In the past decade or so, the world has changed beyond recognition thanks to developments in the world wide web. It’s hard to think of a time before Facebook, Twitter and blogs. But how do festivals fit into this? Surely its one of the most removed things you can do. There are no computer screens in fields (well, at least there weren’t until Apple took over the world) and surely once you’ve got a ticket and a tent, you’re good to go. Think again. Your website is massively important.
And it is with this in mind that I set to work building the Figure 8 Festival website. It’s hard to believe that in this day and age there are still companies without websites, but there really are – and this makes no sense to me. Even a simple holding page with name, dates, location and how to buy tickets could suffice (would be a bit rubbish, but is better than nothing). At the other end of the scale you have festivals such as End of the Road, whose website is astounding. It has everything you need, including dedicated artist pages with a photo, bio and links for those bands playing (totally having that idea for Figure 8); or this year’s Great Escape festival with its interactive poster. Inspired.
The first step is to buy up a decent domain name. Fortunately our festival name followed by dot co dot UK was free (this helped inform the decision over the name) and I called in some charity mates rates for the hosting – so it cost about £50 and then I set to work on the design and content. Now, I’ve used WordPress a fair bit in the past. For Bristol 24-7, among others, so that was an obvious starting point. But, while I’m happy writing, proofing and uploading content, building a site was totally new to me. Thankfully, I have some exceptionally talented and generous friends to offer me advice. With the logo and plenty of content (it’s what I do), slowly but surely the website was coming together. Along with the associated Facebook and Twitter accounts – a must in this day and age.

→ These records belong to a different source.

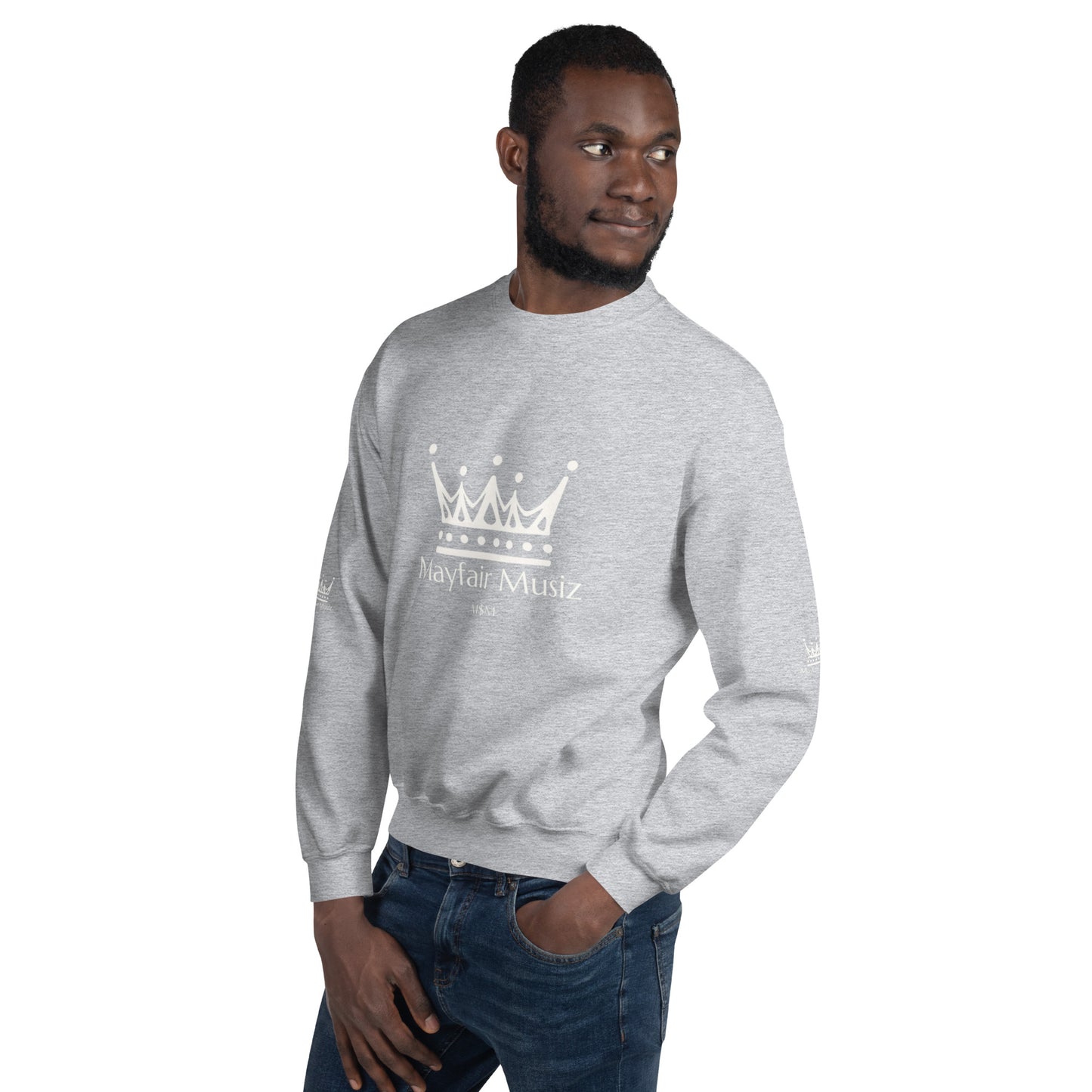 Mayfair Musiz Unisex Sweatshirt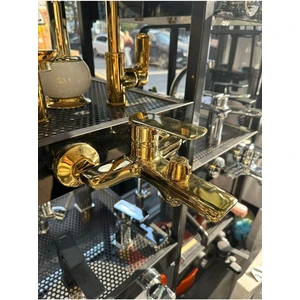 Altın Banyo Bataryası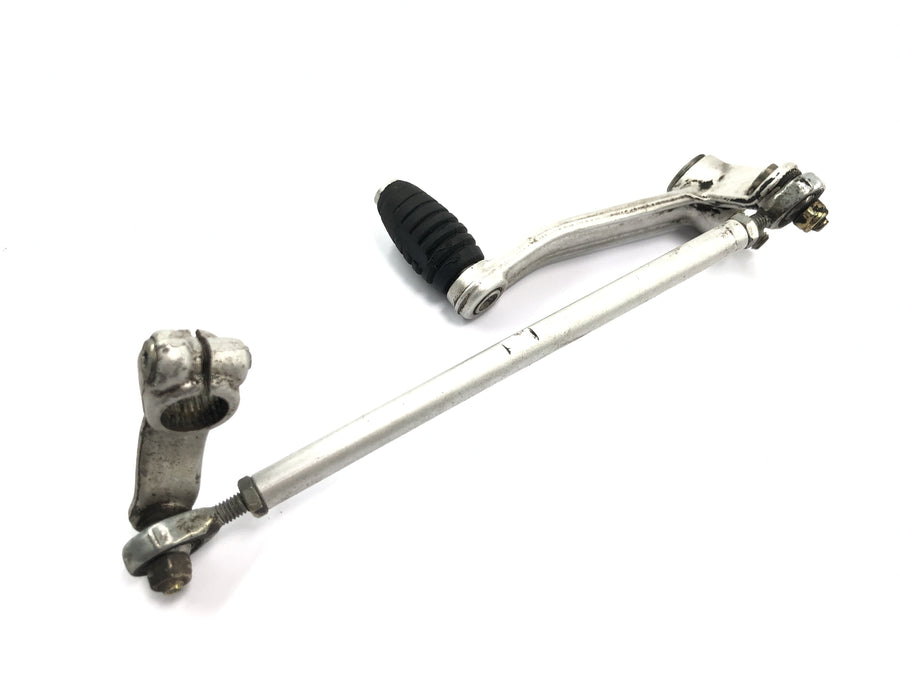 Ducati ST3 S3 [2004] - Schalthebel Schaltpedal mit Schaltgestänge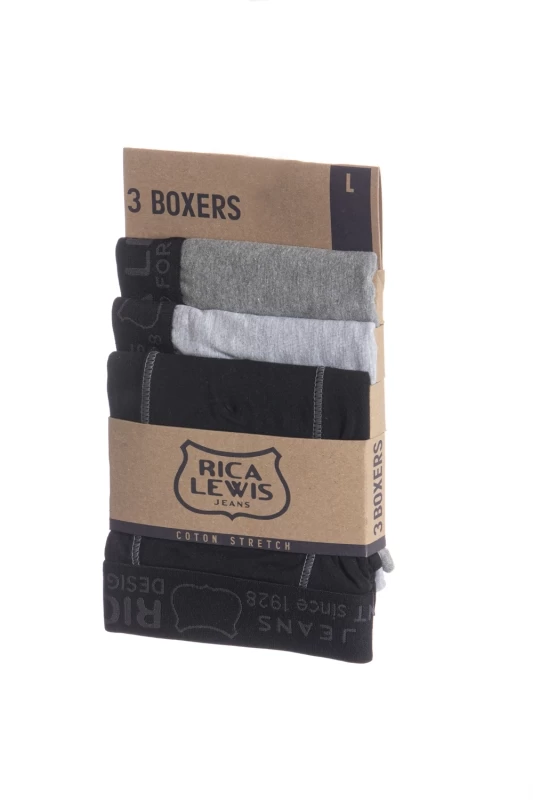 Boxer, 3 pack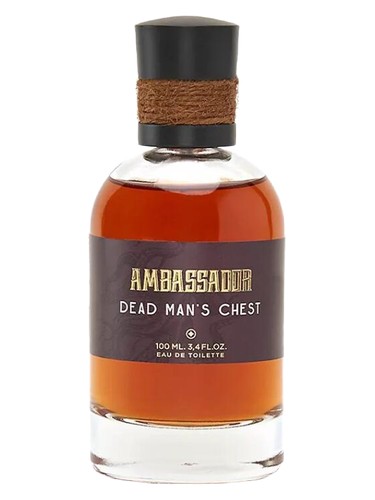 Ambassador Dead Man s Chest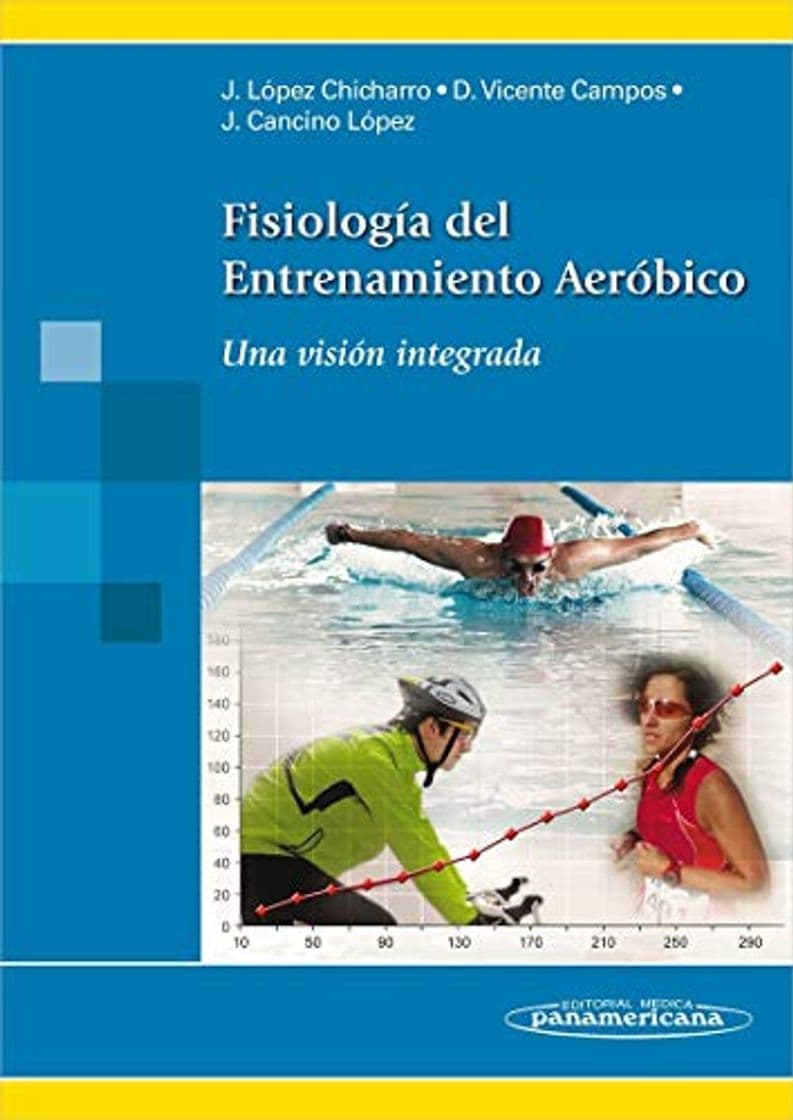 Book Fisiología Del Entrenamiento Aeróbico: Una visión integrada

I wanted to include some decent info on us organisers, our motivation and each sponsor and band, not only to reward them for donating their time and services to the festival, but as info for the punters. The sponsors are all decent companies which I want to sing the praises of. And some of the bands will be unknown to some of the guests, so I wanted to give them a chance to check them out beforehand – what they look like, who they are and what they sound like; so I crafted a questionnaire and set out on a one-woman crusade to present this in an easy to digest format. I can then reproduce this in the printed programme at the festival. Simple. Or so you’d think.
After sending out a straightforward questionnaire to the musicians who’d agreed to play, I planned to nail all the content and launch the site – but as with most surveys, it took a lot more than one deadline and a bit of guilt tripping to gather all the info needed for the site, which meant I kept putting the target launch date back (and I’m still chasing some of the bands for their info) but I’ve set a firm deadline of Saturday, July 21 to make the site live – exactly two months until the festival takes place and less than two months since we started planning it. Then it’s all systems go with securing the donations to make this work!